FRANKFURT: Europe’s main equity indexes closed higher on Wednesday, led by technology stocks as growing expectations of a US rate cut boosted global risk appetite, while financials also found support following the UK budget announcement.

The pan-European STOXX 600 index rose 1.06 percent to 574.01 points at the close, extending its winning streak to a third straight session.

Major regional indexes also firmed, with Germany and France up about 1 percent and 0.9 percent, respectively.

Technology shares were the biggest boost to the benchmark index, up 2.1 percent, tracking upbeat global sentiment as investors grew more confident about the possibility of a Fed rate cut in December.

Chip equipment maker ASML jumped 5.7 percent, BESI 4 percent, and chipmaker Infineon advanced 3.7 percent.

“We’re continuing to see the Federal Reserve easing expectations drive risk appetite at the margin, and that’s leading to this broad-based advance, not only in the US, but certainly looking at European markets today,” said Laura Cooper, head of macro credit at Nuveen.

Bloomberg News reported, citing people familiar with the matter, that White House economic adviser Kevin Hassett, who has called for lower interest rates, was widely viewed as the leading contender for the post of Fed chair.

US Treasury Secretary Scott Bessent said there were good chances of President Donald Trump announcing his pick for the Fed chair before Christmas.

Meanwhile in the UK, British finance minister Rachel Reeves announced a big tax-raising budget that will take more money from workers but kept banks exempted from fresh targeted taxes.

London’s FTSE 100 added 0.85 percent, boosted by shares in British banks. Lloyds Banking Group jumped 3.4 percent, NatWest rose 2.2 percent and HSBC added 1.3 percent.

British trading platform IG Group jumped 10.3 percent and was the top-performing stock on London’s mid-caps index as well as Europe’s STOXX 600.

The pan-European banking index jumped 1.6 percent, rising in conjunction with British peers. The bank-heavy Spanish benchmark index was up 1.4 percent, outperforming its regional peers.
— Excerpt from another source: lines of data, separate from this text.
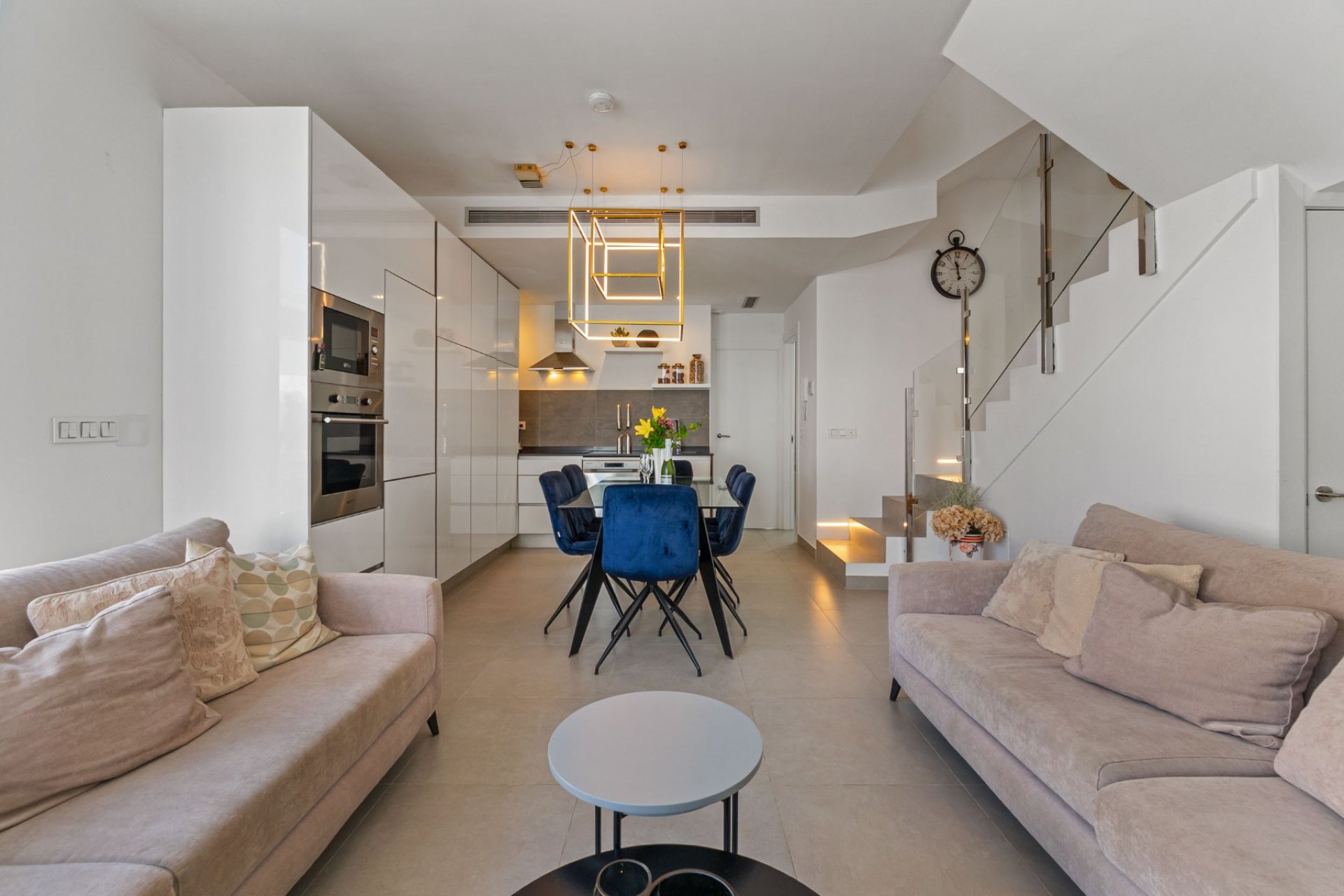 Reventa - Villa - Orihuela - Villamartín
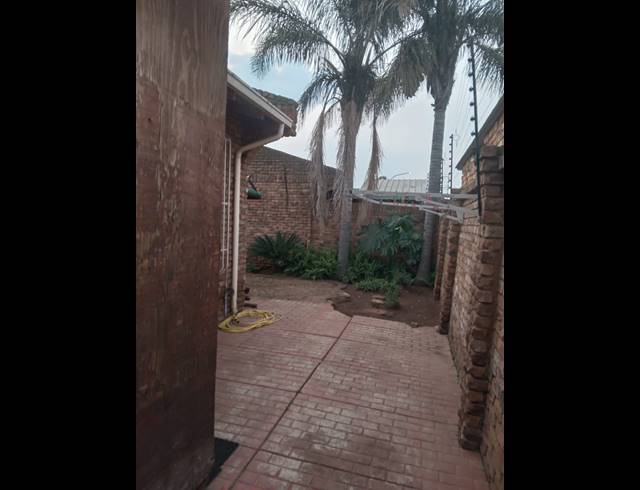 2 BEDROOM TOWNHOUSE FOR SALE IN EDELWEISS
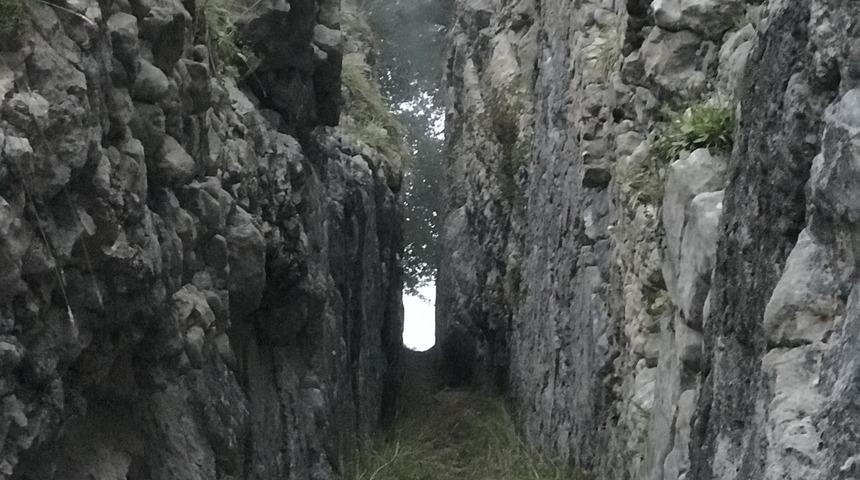  Herkes bu kayayı görmeye geliyor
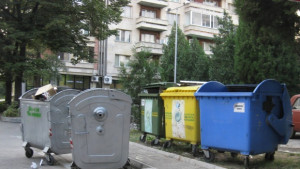 Боклукът често лети през терасата
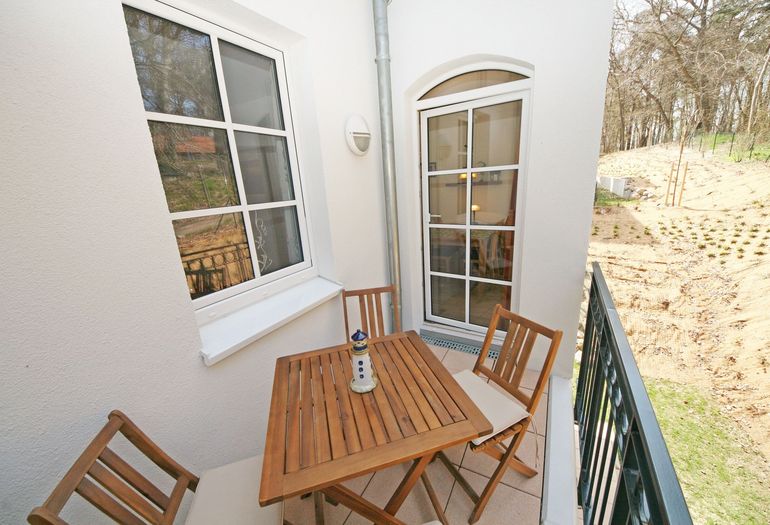 bestuhlter Balkon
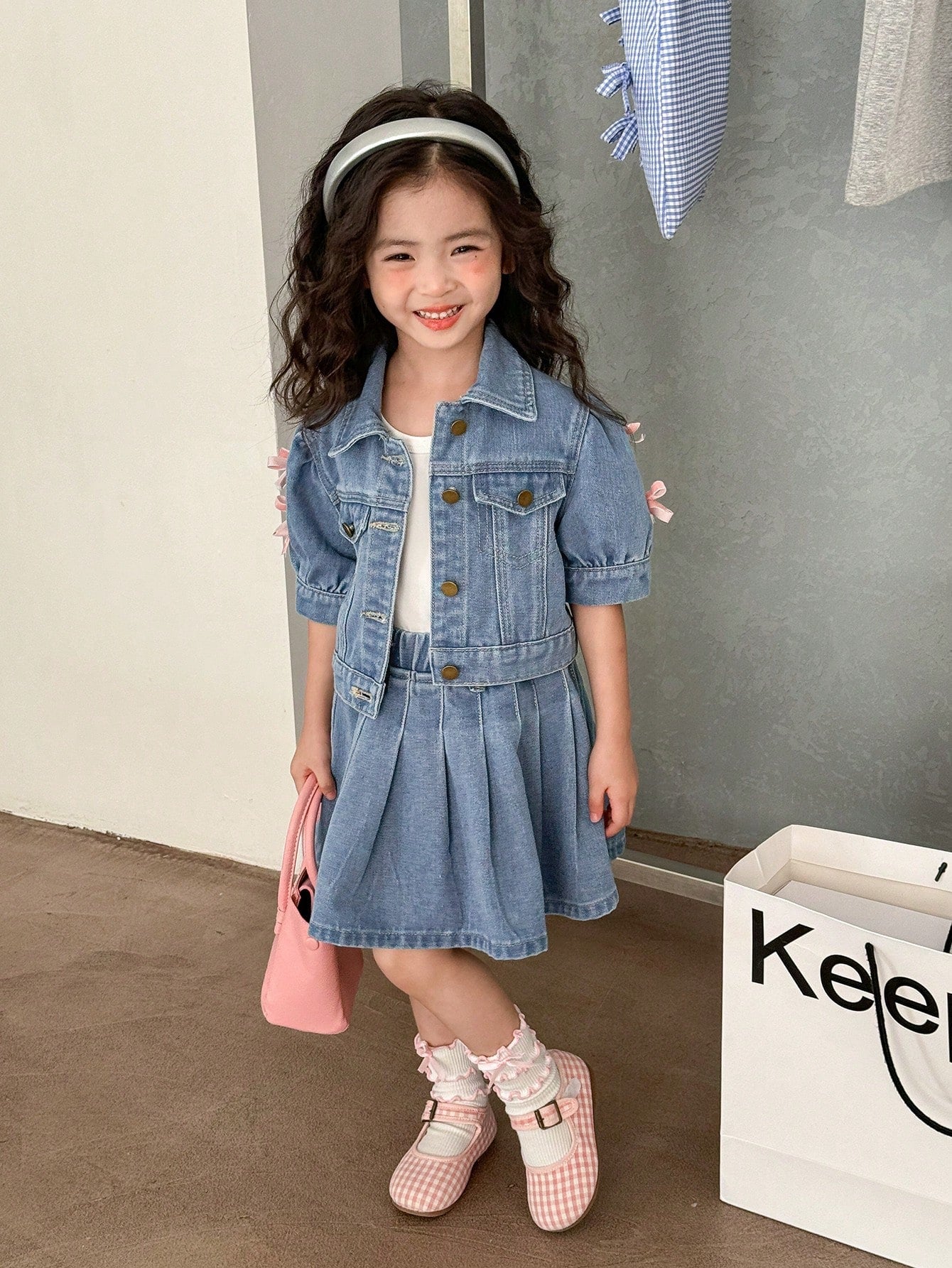 Conjunto de mezclilla casual y lindo con decoración de moño para niña joven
Progress on a Russia-Ukraine peace deal also buoyed sentiment across Europe after Ukrainian President Volodymyr Zelenskiy signalled readiness to push forward a US-backed framework to end the war.
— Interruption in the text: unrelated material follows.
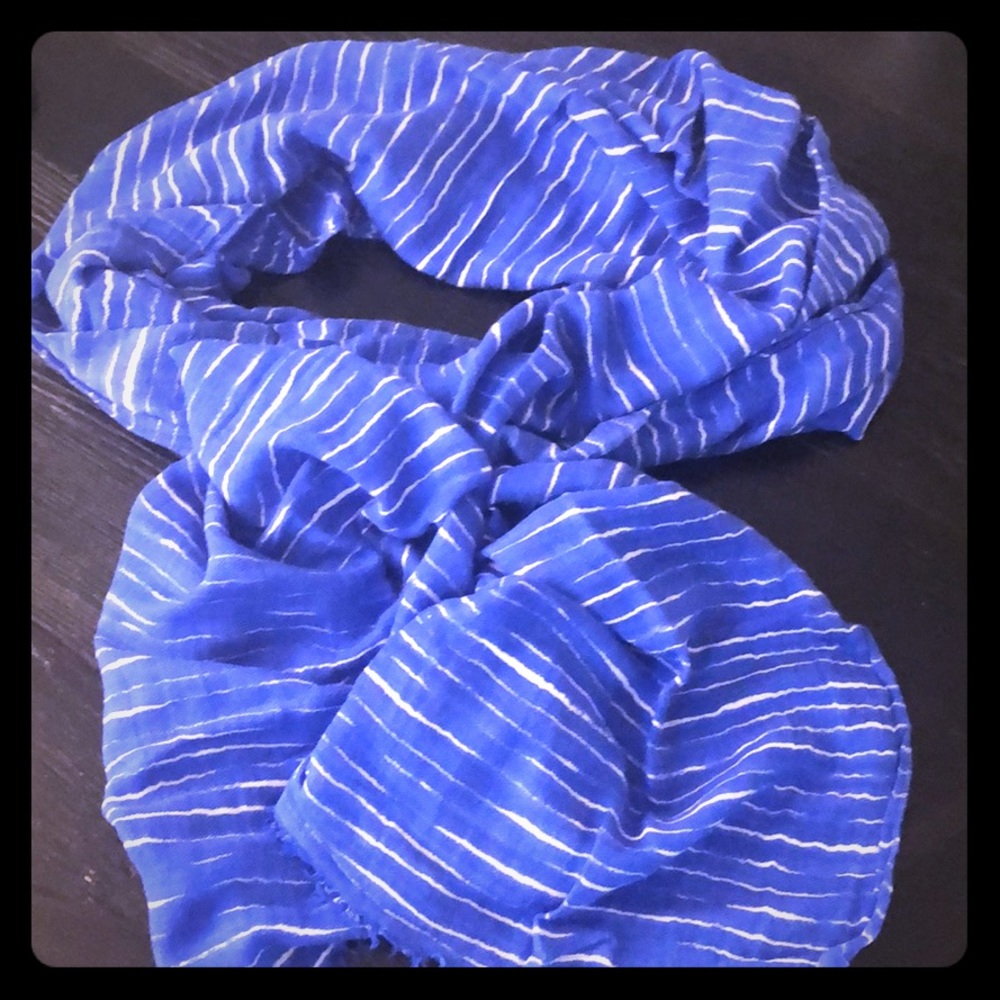 EUC Gap Lightweight Scarf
However, uncertainty lingered after President Donald Trump retracted the timeline for a deal, supporting oil prices and European defence stocks. European aerospace and defence index jumped 1.35 percent.

The STOXX 600, which saw its steepest weekly fall in over three months on Friday, is expected to put up a strong performance in 2026, with a Reuters poll indicating a 11 percent gain next year.

Among stocks, Novo Nordisk surged 4.7 percent after US Medicare released negotiated prices for 15 costly drugs, including Wegovy and Ozempic, which analysts said were broadly in line with expectations.

Adecco fell 11.4 percent, marking its biggest single-day drop since March 2020, as investors fret about AI risks after the company reiterated its commitment to a 3 percent-6 percent margin corridor and leverage at or below 1.5 times by end 2027.

Spain’s HBX plunged as much as 12 percent after reporting a much wider full-year loss.